A unit vector is a vector that has a magnitude of 1. It is often used to indicate direction without regard to size or length. In vector calculus, finding a unit vector involves dividing each component of a vector by its magnitude. This process effectively scales the original vector down to have a magnitude of 1 while preserving its direction.

To find a unit vector parallel to a given vector \(\overrightarrow{PQ}\), we use the formula:

• \( \text{Unit vector} = \frac{\overrightarrow{PQ}}{\|\overrightarrow{PQ}\|} \)

where \(\|\overrightarrow{PQ}\|\) is the magnitude of the vector. In our example, the magnitude of \(\overrightarrow{PQ}\) was found to be \(\sqrt{26}\), and thus unit vectors parallel to \(\overrightarrow{PQ}\) are \(\langle 0, \frac{-5}{\sqrt{26}}, \frac{1}{\sqrt{26}} \rangle \) and its opposite.

Unit vectors are crucial in mechanics and physics, where specific directions are important, but actual distances or speeds are not necessary.

Vector Magnitude

Vector magnitude, or the length of a vector, measures how long the vector is in a geometric space. It is obtained using the Euclidean norm.

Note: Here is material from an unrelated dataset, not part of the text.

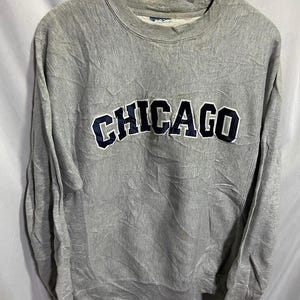 Vintage Chicago embroiders Sweatshirt Size M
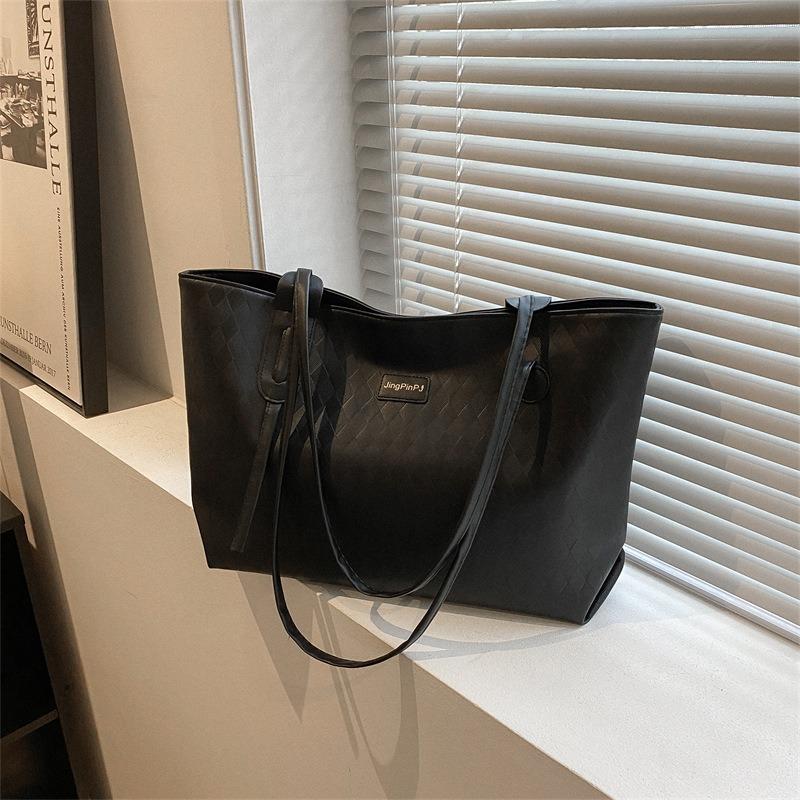New Light Luxury Popular Large-capacity Commuting Versatile Shoulder Bag Casual High-end Tote Bag Women Shopping Bag Handbags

The formula for the magnitude of a 3-dimensional vector \(\langle a, b, c \rangle\) is given by:

• \( \| \overrightarrow{v} \| = \sqrt{a^2 + b^2 + c^2} \)

Understanding vector magnitude is essential because it allows us to scale vectors and find unit vectors. In our specific example, after calculating the components of \(\overrightarrow{PQ} = \langle 0, -5, 1 \rangle\), we found its magnitude to be \(\sqrt{26}\).

This measurement helps in determining the length between two points in space when dealing with coordinate vectors. Knowing the magnitude also aids in various applications like physics, where the displacement vector's magnitude helps to calculate distances covered.

Coordinate Vectors

Coordinate vectors aid in describing positions and directions within a 3-dimensional space using a set of numbers. Each vector is represented by its component along the axes, typically noted as \(\langle a, b, c \rangle\) or in vector component form like \(a \mathbf{i} + b \mathbf{j} + c \mathbf{k}\).

In our example, the points \(P(-3, 1, 0)\) and \(Q(-3, -4, 1)\) give rise to the vector \(\overrightarrow{PQ}\). By subtracting the coordinates, the vector is found to be \(\langle 0, -5, 1 \rangle \) and can also be expressed as \(0\mathbf{i} - 5\mathbf{j} + 1\mathbf{k}\). This showcases different ways to visualize vectors.

Coordinate vectors are a fundamental concept used in various fields such as engineering, physics, and computer graphics, aiding in tasks ranging from designing models to understanding forces acting on a point.